An example: my host has had problems for some days, such as the network
connection being down, or the machine being down -- something that has
prevented it from receiving mail from the network. It comes back up,
and some incoming mail is delivered. I, as a user on that machine, look
at the mail and can tell that there is still some missing (such as some
mailing-list digests, where issues are numbered and I can see that I have
not received certain numbers). Is there something I can do using the
"telnet" or "ftp" capability to reach across the network to the host
that sends out these messages and tell it that it should now search its
out-bound queues for any mail to my host and start the regular mail delivery
process?
This could be especially valuable if I knew, for example, that my host
will be up for a short time and will then go down again, and that the remote
machine normally delivers mail to us at night when I know that my computer
will be down again. So if I could trigger an unscheduled, right-now mail
delivery, the traffic would get through -- if I do nothing, and let the
scheduled processes run things, there would be another unsucessful
delivery attempt and perhaps the mailer would time out and reject the mail
back to the sender.
I recall that there were some methods for a person to simulate an
automatic net-mail-type host-to-host connection; that led me to wonder
if such a method could be used to trigger a remote machine to start up
such a process.
Regards, Will Martin
This change should be in the 4.3BSD sendmail.

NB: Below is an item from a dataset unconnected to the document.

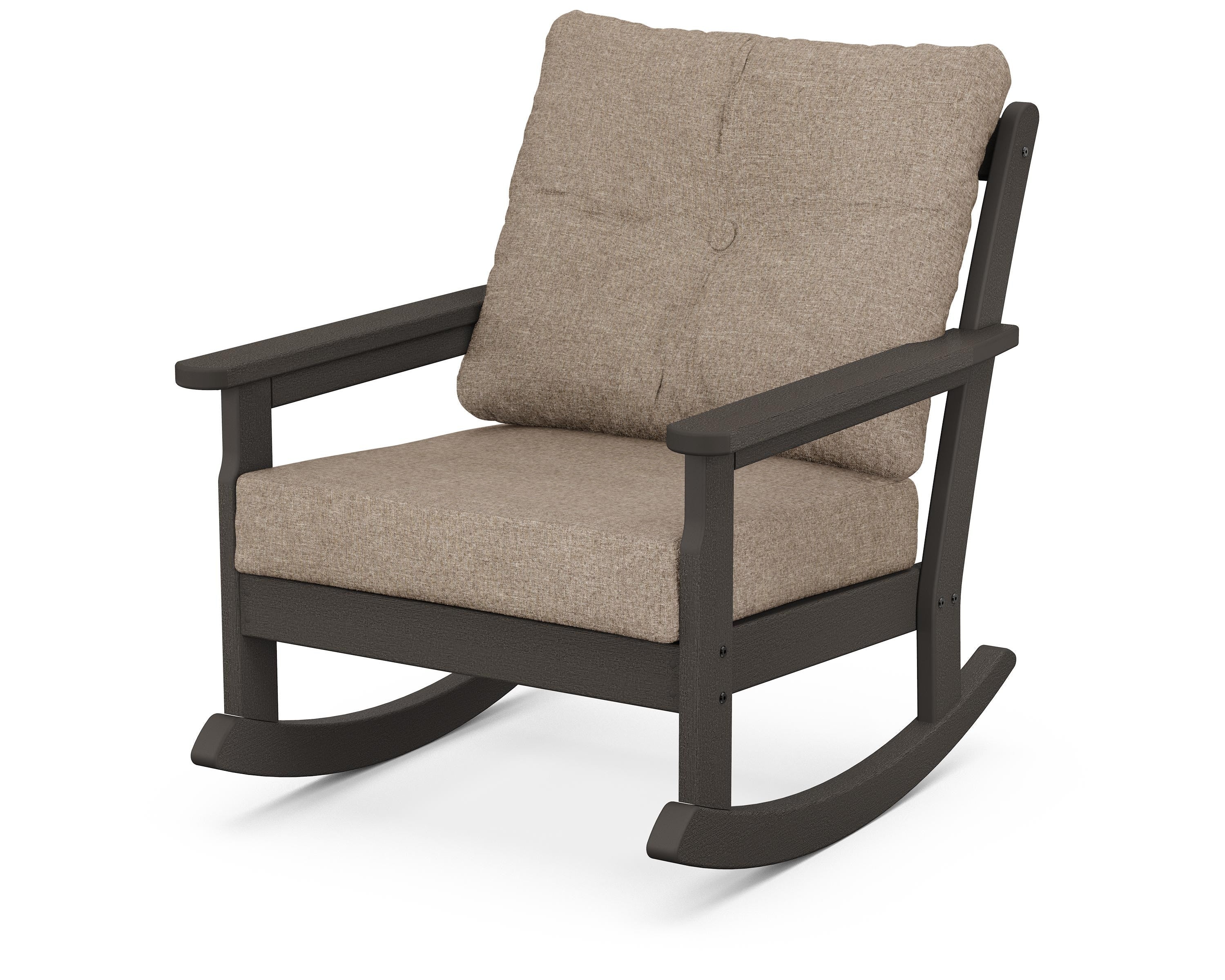 POLYWOOD® Vineyard Deep Seating Rocking Chair in Vintage Coffee / Spiced Burlap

It can't be done from
the remote site, though, unless you can login from there. It would
probably not be hard to add a command to the SMTP server that would
do this. The security problem could be resolved by having the
server reply with "Yes, OK", break the connection, then go off and
run its queue, calling OUT to deliver the mail as usual.
--
John Gilmore {sun,ptsfa,lll-crg,ihnp4}!hoptoad!gnu jgil...@lll-crg.arpa
May the Source be with you!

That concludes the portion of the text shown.